Ex-Goldman banker Roger Ng’s fate now in hands of jury


(BLOOMBERG): The fate of former Goldman Sachs banker Roger Ng, who is accused of conspiring to loot billions of dollars from Malaysian wealth fund 1MDB, is now in the jury’s hands.

The jurors, in federal court in Brooklyn, New York, began deliberating on the charges – conspiring to violate United States anti-bribery laws and to launder money – after the judge instructed them on the law Tuesday (April 5) afternoon.

Ng is the only Goldman Sachs Group Inc banker to go to trial in a case that saw the firm pay US$5bil (RM21bil) in penalties and its Malaysian unit plead guilty, one of the biggest blows to Goldman in its history.

Prosecutors called Ng a critical player in a bribe-paying and money-laundering scheme masterminded by Malaysian financier Low Taek Jho, better known as Jho Low, in which US$2.7bil (RM11.4bil) was siphoned from the fund, 1Malaysia Development Bhd.
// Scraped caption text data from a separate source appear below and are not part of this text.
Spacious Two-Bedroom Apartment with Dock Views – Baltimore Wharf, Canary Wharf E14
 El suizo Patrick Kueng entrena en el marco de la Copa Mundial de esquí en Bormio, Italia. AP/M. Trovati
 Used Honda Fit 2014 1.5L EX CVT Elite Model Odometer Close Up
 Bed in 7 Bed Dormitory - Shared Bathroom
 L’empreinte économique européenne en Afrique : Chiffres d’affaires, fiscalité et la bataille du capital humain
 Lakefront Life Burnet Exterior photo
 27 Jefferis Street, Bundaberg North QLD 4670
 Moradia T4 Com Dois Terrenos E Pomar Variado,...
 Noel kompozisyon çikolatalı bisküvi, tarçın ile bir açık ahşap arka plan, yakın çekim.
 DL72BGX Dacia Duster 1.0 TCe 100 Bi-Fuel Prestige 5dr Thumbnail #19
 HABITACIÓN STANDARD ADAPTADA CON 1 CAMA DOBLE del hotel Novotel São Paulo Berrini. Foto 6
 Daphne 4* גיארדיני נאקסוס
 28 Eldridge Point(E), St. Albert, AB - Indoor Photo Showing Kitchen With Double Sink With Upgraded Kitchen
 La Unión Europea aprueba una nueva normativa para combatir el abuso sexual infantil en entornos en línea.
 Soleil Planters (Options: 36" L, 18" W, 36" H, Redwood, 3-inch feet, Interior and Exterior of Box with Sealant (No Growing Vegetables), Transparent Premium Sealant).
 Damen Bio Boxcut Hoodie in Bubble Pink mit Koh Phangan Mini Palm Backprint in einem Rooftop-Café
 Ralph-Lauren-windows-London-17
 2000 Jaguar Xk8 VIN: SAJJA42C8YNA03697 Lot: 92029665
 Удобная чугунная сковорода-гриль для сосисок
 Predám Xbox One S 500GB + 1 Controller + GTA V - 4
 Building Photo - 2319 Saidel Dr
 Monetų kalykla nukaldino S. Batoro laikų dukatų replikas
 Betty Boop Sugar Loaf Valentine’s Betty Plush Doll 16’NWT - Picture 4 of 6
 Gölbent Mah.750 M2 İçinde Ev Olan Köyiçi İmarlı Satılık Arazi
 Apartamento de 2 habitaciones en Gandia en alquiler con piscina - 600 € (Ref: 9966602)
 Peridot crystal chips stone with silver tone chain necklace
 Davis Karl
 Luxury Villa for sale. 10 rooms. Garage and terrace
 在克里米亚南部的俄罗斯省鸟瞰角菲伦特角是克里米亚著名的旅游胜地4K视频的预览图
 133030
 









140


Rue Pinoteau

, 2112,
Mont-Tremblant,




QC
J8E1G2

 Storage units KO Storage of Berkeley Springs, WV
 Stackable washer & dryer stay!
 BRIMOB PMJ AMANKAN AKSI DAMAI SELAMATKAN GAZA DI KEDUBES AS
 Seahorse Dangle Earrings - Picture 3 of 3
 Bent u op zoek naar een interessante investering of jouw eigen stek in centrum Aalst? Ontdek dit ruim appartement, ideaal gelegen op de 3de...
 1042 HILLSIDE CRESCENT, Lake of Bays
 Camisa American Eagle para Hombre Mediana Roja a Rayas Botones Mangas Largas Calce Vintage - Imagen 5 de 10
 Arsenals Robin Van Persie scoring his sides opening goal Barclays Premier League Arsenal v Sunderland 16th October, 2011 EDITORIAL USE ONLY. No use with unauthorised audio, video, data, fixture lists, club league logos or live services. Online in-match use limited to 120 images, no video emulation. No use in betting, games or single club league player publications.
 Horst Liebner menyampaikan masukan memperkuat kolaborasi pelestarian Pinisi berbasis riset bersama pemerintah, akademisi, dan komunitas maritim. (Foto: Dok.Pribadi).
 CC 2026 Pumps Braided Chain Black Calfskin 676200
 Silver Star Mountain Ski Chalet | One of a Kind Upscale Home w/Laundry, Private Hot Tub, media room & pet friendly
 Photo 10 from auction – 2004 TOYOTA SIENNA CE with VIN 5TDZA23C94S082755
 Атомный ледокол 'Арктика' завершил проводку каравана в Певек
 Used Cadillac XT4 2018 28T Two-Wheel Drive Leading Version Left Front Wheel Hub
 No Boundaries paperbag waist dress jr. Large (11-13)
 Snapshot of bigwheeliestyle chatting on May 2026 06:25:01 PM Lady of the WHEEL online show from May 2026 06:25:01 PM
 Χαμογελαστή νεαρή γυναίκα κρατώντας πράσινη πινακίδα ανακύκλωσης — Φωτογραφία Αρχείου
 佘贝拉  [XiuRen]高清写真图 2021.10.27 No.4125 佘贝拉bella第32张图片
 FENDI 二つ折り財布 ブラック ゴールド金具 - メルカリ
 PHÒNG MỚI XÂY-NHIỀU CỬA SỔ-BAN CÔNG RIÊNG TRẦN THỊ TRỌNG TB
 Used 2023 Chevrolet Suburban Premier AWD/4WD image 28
Goldman arranged bond deals for 1MDB.

The trial, which began with opening statements on Feb 14, featured Ng’s former boss, Tim Leissner, as the government’s star witness.

Leissner pleaded guilty and is cooperating with the US, for which he could win leniency at sentencing. Jho Low alone collected at least US$1.42bil (RM6bil) from the fraud, while he allegedly paid Ng US$35.1mil (RM148mil) in kickbacks and Leissner received more than US$60mil (RM253mil), according to the US.

Ng, 49, faces as many as 30 years in prison if convicted on all counts.

Leissner, who was Goldman’s South-East Asia chairman, was the highest-ranking Goldman banker to plead guilty to the scheme to plunder 1MDB while Ng was the firm’s head of investment banking in Malaysia.

Low, who the United States says bribed government officials in Malaysia and Abu Dhabi to win the business for Goldman – and a jackpot for himself – is still at large. Former Malaysian prime minister Datuk Seri Najib Razak was convicted in Malaysia in 2020 on charges including money laundering and corruption and sentenced to 12 years in prison. He is appealing.

The case is US v Low Taek Jho, 18-cr-538, US District Court, Eastern District of New York (Brooklyn).